Recently I have been genuinely feeling my lack of fresh herbs. Somewhere around New Year’s, the last of the herbs on my deck died back beneath the frost, and we have been missing them ever since. Often, in the kitchen I find myself longing for a sprig of rosemary to add nuance to a potato dish or a handful of cilantro to bring that unique depth to a salad. Passover in particular is a great holiday for herbs with the fresh astringent bite of the parsley dipped in salt water and the rich dill flavor of a vegetarian matzah ball soup.
Cooking with fresh culinary herbs is one of the easiest and most accessible ways to improve just about any dish. Whether you are frying fresh sage leaves in butter for a quick ravioli sauce, chopping basil to sprinkle on garden tomatoes or using cilantro to make your fresh salsa jump out of the bowl, fresh herbs make all the difference.

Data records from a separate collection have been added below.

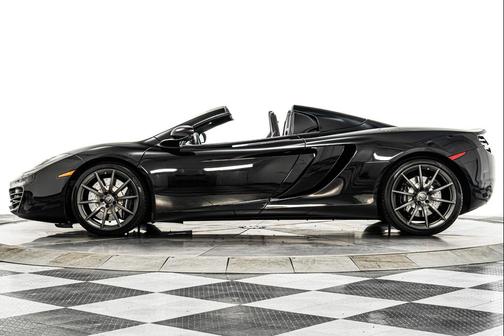 2013 McLaren MP4-12C Base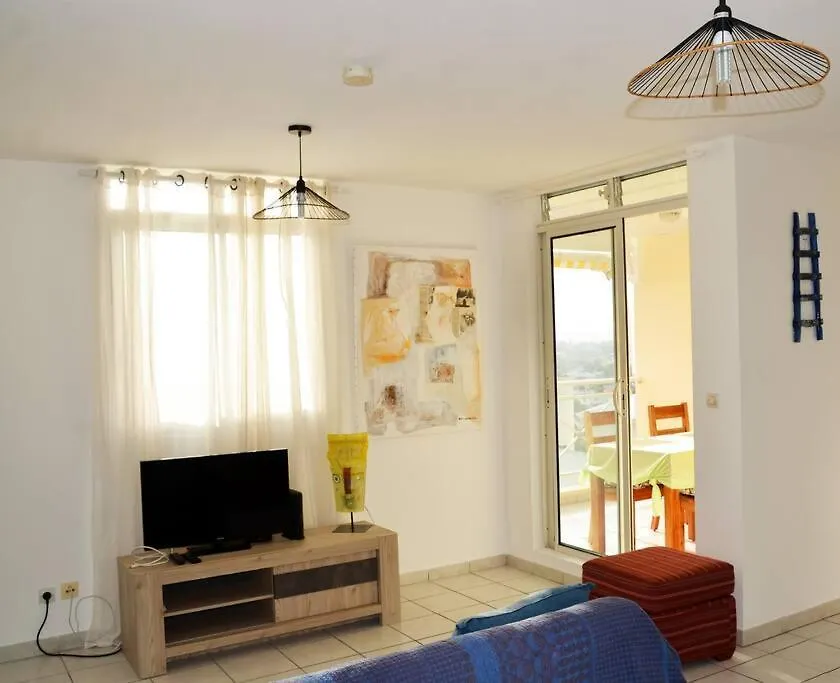 Appartement Equipe Avec Vue Et Place De Parking فورت-دو-فرانس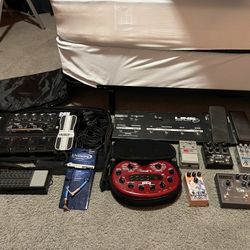 Guitar Pedals And Boards
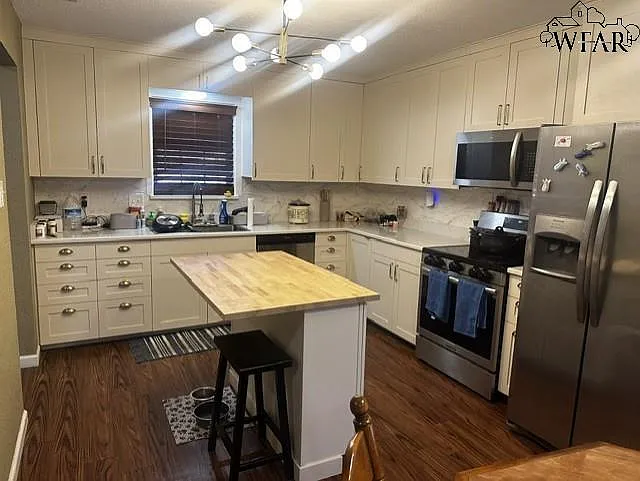 1902 Eden Ln — Photo 5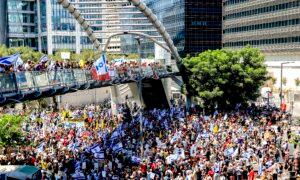 Mass Protests Erupt in Israel Following Execution of 6 Hostages by Hamas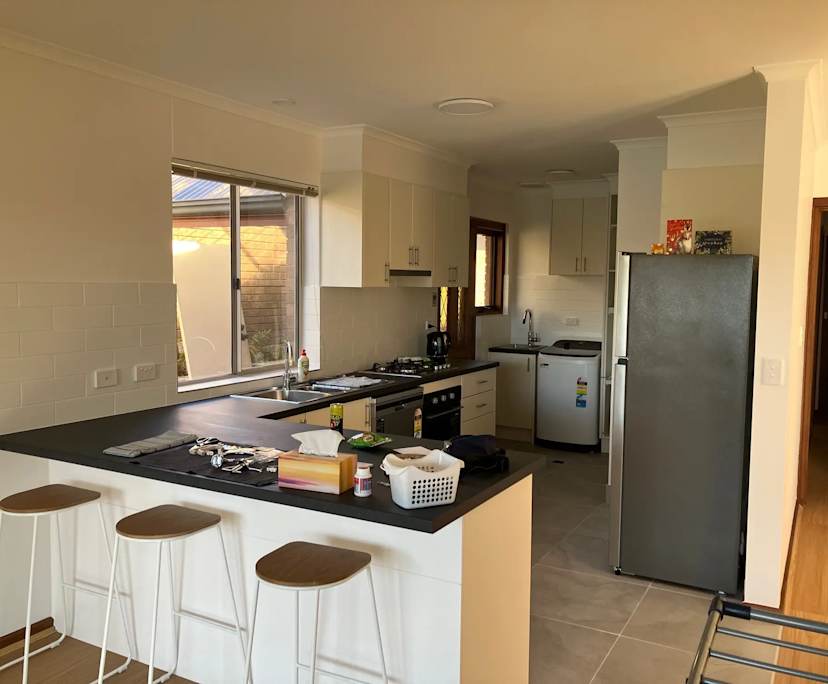 $300, Share-house, 2 bathrooms, West Lakes SA 5021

Along with adding shades of flavor as fresh leaves, herbs can be easily dried and enjoyed over the course of the winter or used to make infused oils and vinegars. It’s as easy as cutting a bunch of fresh sage or thyme and tying it into a bundle to hang in your kitchen; the herbs are both aesthetic and useful.

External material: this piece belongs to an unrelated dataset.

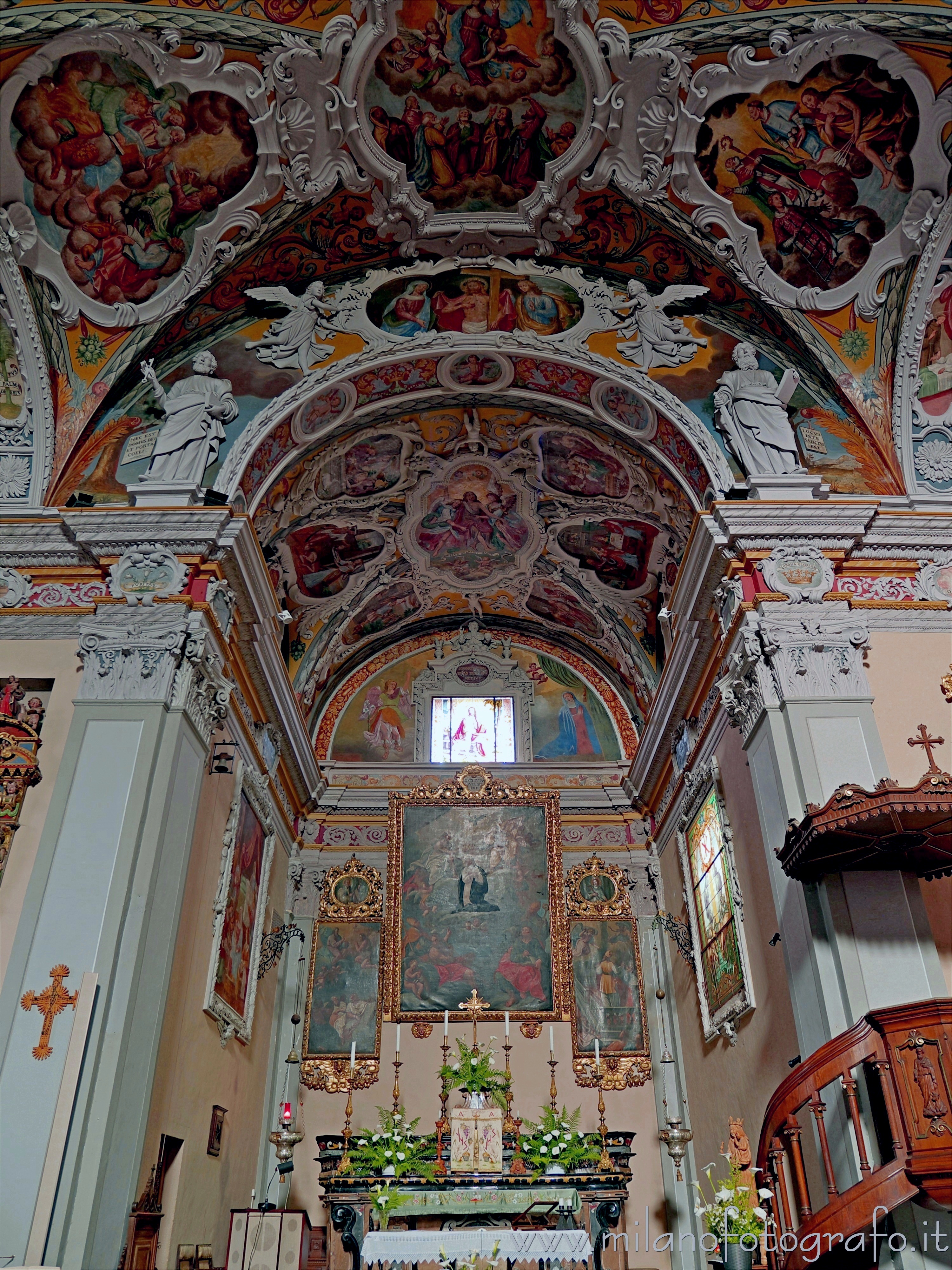 Veglio (Biella): Presbiterio della Chiesa parrocchiale di San Giovanni - Veglio (Biella)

Unfortunately, if you go to a grocery store to buy fresh herbs, you will most likely encounter a plastic clamshell containing a limp sprig or two of unappetizing greenery sold at an inflated price—not a strong motivator for experimenting with fresh herbs, especially ones you might not be familiar with.
Luckily, in the realm of growing food, culinary herbs are one of the easiest things you can grow. Fresh herbs can grow in just about anything—a window box, a container garden, an herb spiral in the yard and more. Many of them can also tolerate partial shade, small containers and minimal water.

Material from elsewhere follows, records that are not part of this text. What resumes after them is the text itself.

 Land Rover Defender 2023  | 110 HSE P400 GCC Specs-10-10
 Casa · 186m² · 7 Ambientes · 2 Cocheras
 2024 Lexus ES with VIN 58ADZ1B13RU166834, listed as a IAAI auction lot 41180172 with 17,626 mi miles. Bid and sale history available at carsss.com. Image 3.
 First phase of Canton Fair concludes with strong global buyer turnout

Herbs can be both annual or perennial in our Mid-Atlantic climate. Parsley, cilantro, dill and basil are all annuals and must be planted anew every spring, while sage, thyme, oregano, tarragon and chives are perennials and should live year after year. While rosemary is a perennial, it doesn’t usually make it through the winter outside and should be brought inside or sheltered during the peak of the cold season.
An easy starting place is to get a three-foot planter box, put it somewhere close to your kitchen and fill it with herbs. You can fill it with about five or six small plants. Consider planting basil, parsley, chives, dill and a trailing thyme. Rosemary, sage, mint and oregano will do better in slightly larger pots. While mint is a wonderful herb to have on hand, don’t try to plant it in the same container as other herbs, as it doesn’t play well with others and will take over—it needs its own pot.
While some of these plants will survive placed inside a sunny window, most herb plants really need to be outside to thrive, so try to find a spot for them on the outside of a windowsill or just outside the doorway. Remember to keep them close, however, so you don’t have to walk very far to snip off what you need while cooking. As Permaculture founder Bill Mollison supposedly said, if you get your slippers wet walking from the kitchen to your herb garden, you placed the herb garden too far away.